Las novelas de Jane Austen son novelas de matrimonio, y antes de que existieran las citas (antes de que se considerara aceptable para una chica de familia pasar tiempo sola con un muchacho soltero) lo que había para conocerse y enamorarse eran las visitas. Me parece impensable hoy a mí, que no le presento a alguien a mi familia hasta que es estrictamente obligatorio porque me estoy por ir a vivir con él, ese nivel de proximidad entre la familia y el sexo. En algún sentido podría decirse que justamente, mantener al ritual del amor tan inserto en el hogar era una manera de ahuyentar al sexo; pero así y todo la cercanía es innegable. Estoy releyendo Orgullo y prejuicio para un taller y me angustio con el momento en que la madre de las Bennett hace que su hija Jane vaya a visitar a las chicas Bingley a caballo y no en carruaje porque va a llover, y si se larga va a tener quedarse a dormir y así a flirtear con el hermano. Nada me parece más pesadillesco que tener a tú madre así de metida en tu vida sexual, pero así fueron las cosas por muchísimo tiempo. 

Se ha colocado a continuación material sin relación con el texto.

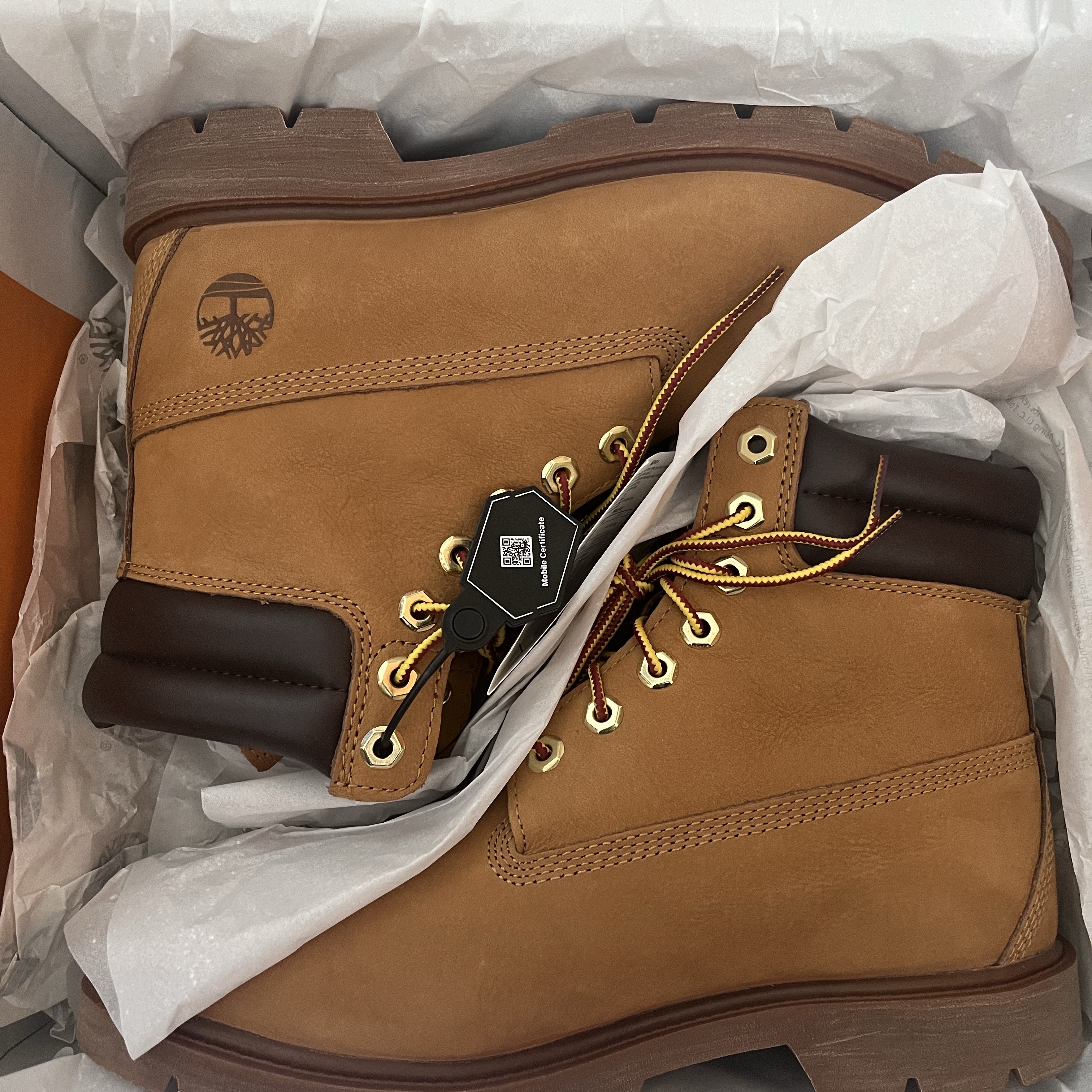 Timberland 6 Inch Laceup Basic Boots Wheat Brown - Wide 착용 스타일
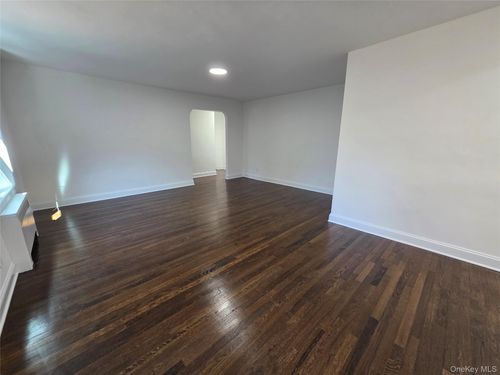 22-10 80th St, East Elmhurst, NY, 11370-1347 | Card Image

Me pongo a pensar en esto cuando me doy cuenta de que hoy tengo amigos cuya casa no conozco, y que no conocen mi casa, gente que puedo considerar bastante amiga realmente, a la que veo seguido e incluso puedo pedirle un favor cada tanto. Más allá del cambio en la moral sexual que hizo posible el paso de las visitas a las citas, es más amplio el fenómeno que hace que la vida social en general, y no solo la sexual y afectiva, empiece a transcurrir en el espacio público. Siento que ese proceso se sigue profundizando, y que se relaciona tanto con cambios en la relación con la intimidad como con transformaciones del hábitat (casas cada vez más chicas) y el consumo.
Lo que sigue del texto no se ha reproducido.